■ Work order: Restate the entries below in full, exactly as they read, but without pictures.

■ Data for processing:
☆ ☆ ☆ ☆ ☆

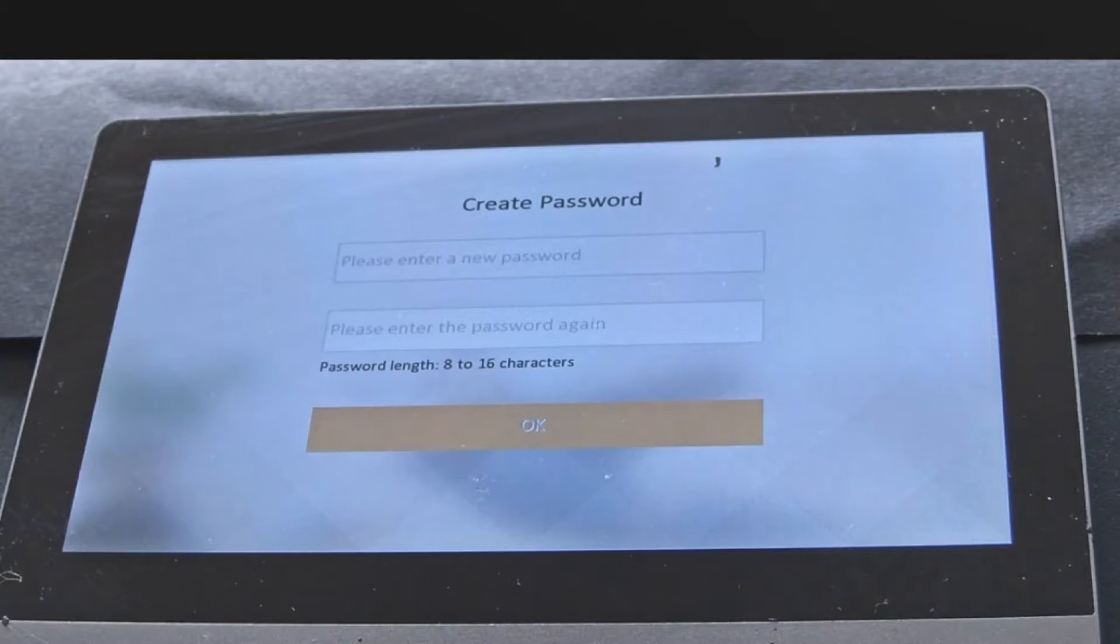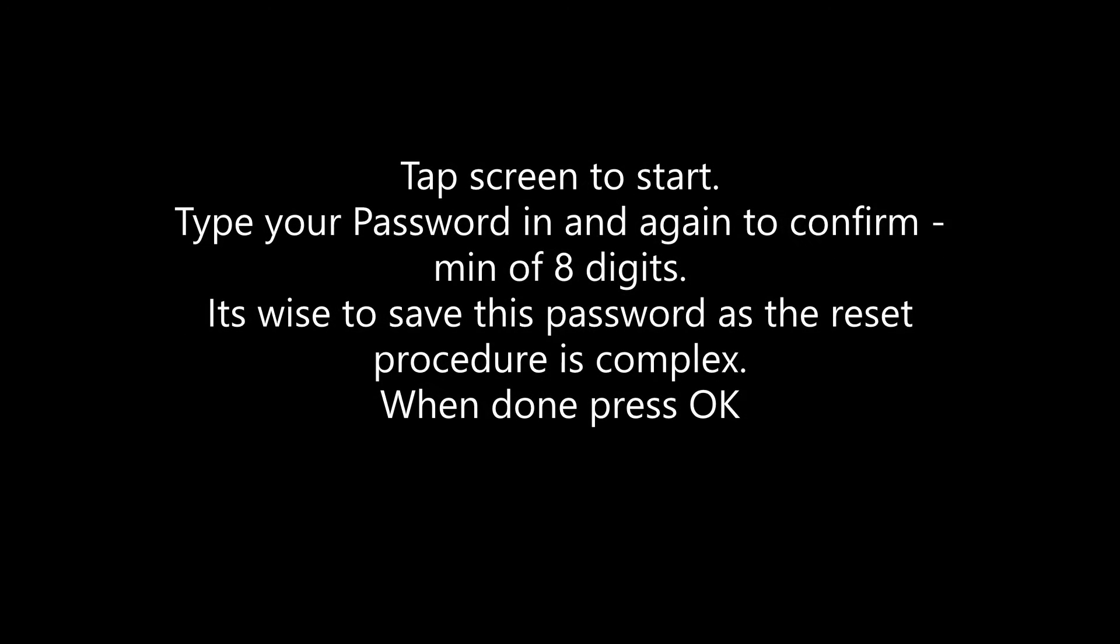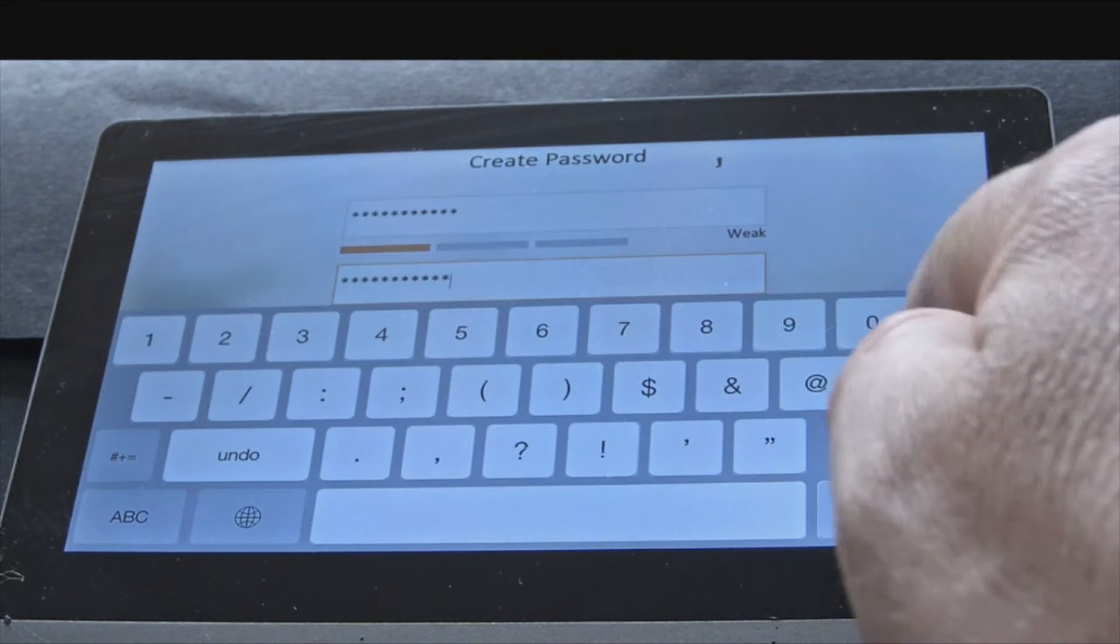Tap the screen to start. Type in your password and type it in again to confirm. The password has a minimum of 8 digits. It's wise to save this password now as the reset procedure is quite complex. When complete, press OK.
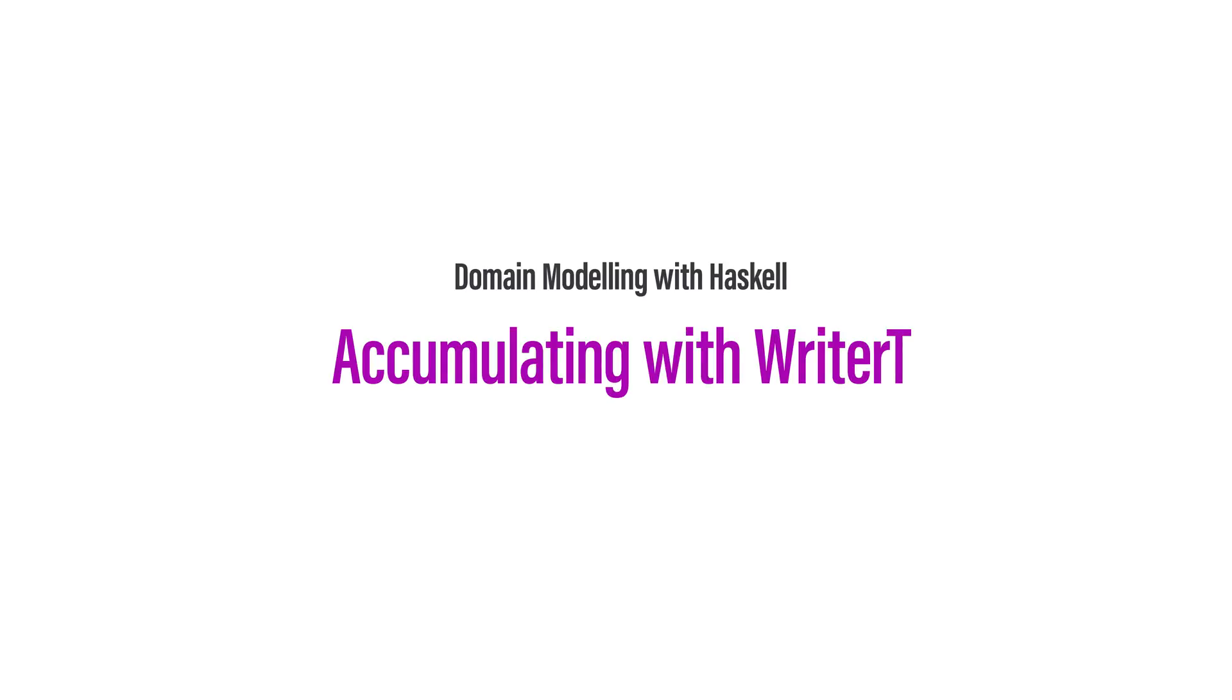Welcome to Haskell at Work, previously known as Coda, a screencast focused on practical Haskell programming.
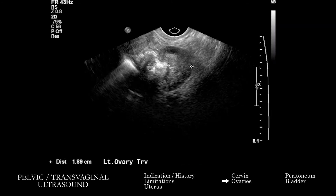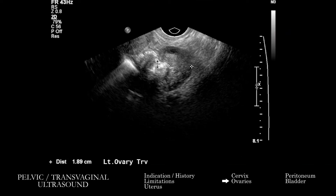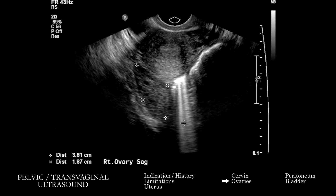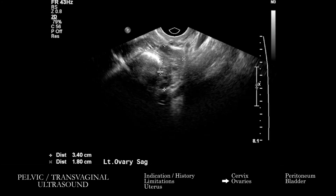Especially if there's concern for torsion, when we go through the cine clips of the adnexa, you want to take a look on grayscale at the vascular pedicle. In addition, not just within the ovary itself, you want to be looking adjacent to the ovary — whether there's any adnexal lesion, whether cystic or solid. That includes both adjacent to the ovary as well as impacting the fallopian tube.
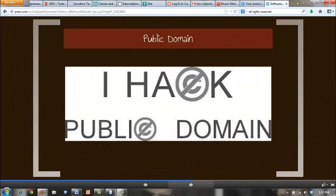Public domain is any type of work that is not currently protected by a copyright. There is a wide range of products that fall into the public domain. They may include intellectual property that was previously covered by a copyright, as well as works that were specifically designed for the general public use and were never covered by a copyright.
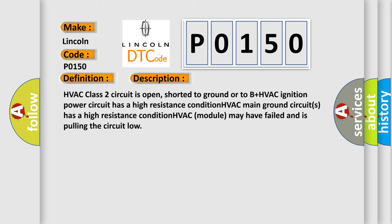HVAC class 2 circuit is open, shorted to ground or to B plus. HVAC ignition power circuit has a high resistance condition. HVAC main ground circuit has a high resistance condition. HVAC module may have failed and is pulling the circuit low.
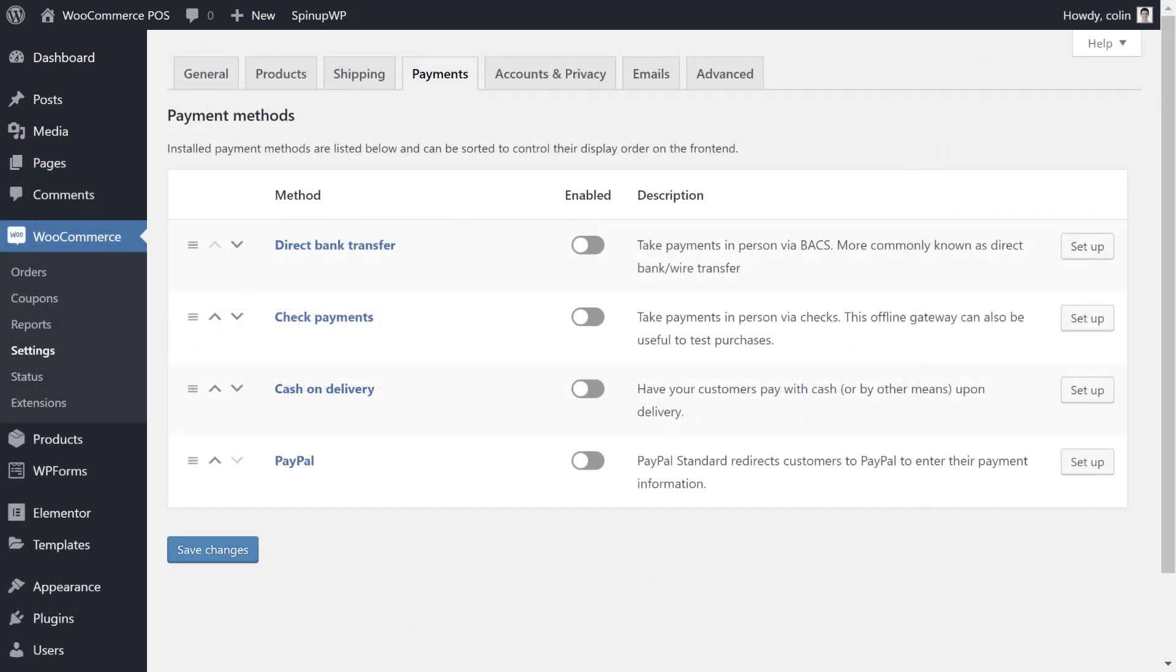At this point, you have a working front-end POS page, but the last thing you'll want to do is simplify the core WooCommerce checkout process to make it easier for your staff or customers to check out. Unlike an online e-commerce store, you probably don't need to accept credit card payments or PayPal payments directly through WooCommerce. If you're going to do that, you might have a card reader already, or you might just simply use cash.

☆ ☆ ☆ ☆ ☆

■ Written answer:
Tap the screen to start. Type in your password and type it in again to confirm. The password has a minimum of 8 digits. It's wise to save this password now as the reset procedure is quite complex. When complete, press OK.
Welcome to Haskell at Work, previously known as Coda, a screencast focused on practical Haskell programming.
Especially if there's concern for torsion, when we go through the cine clips of the adnexa, you want to take a look on grayscale at the vascular pedicle. In addition, not just within the ovary itself, you want to be looking adjacent to the ovary — whether there's any adnexal lesion, whether cystic or solid. That includes both adjacent to the ovary as well as impacting the fallopian tube.
Public domain is any type of work that is not currently protected by a copyright. There is a wide range of products that fall into the public domain. They may include intellectual property that was previously covered by a copyright, as well as works that were specifically designed for the general public use and were never covered by a copyright.
HVAC class 2 circuit is open, shorted to ground or to B plus. HVAC ignition power circuit has a high resistance condition. HVAC main ground circuit has a high resistance condition. HVAC module may have failed and is pulling the circuit low.
At this point, you have a working front-end POS page, but the last thing you'll want to do is simplify the core WooCommerce checkout process to make it easier for your staff or customers to check out. Unlike an online e-commerce store, you probably don't need to accept credit card payments or PayPal payments directly through WooCommerce. If you're going to do that, you might have a card reader already, or you might just simply use cash.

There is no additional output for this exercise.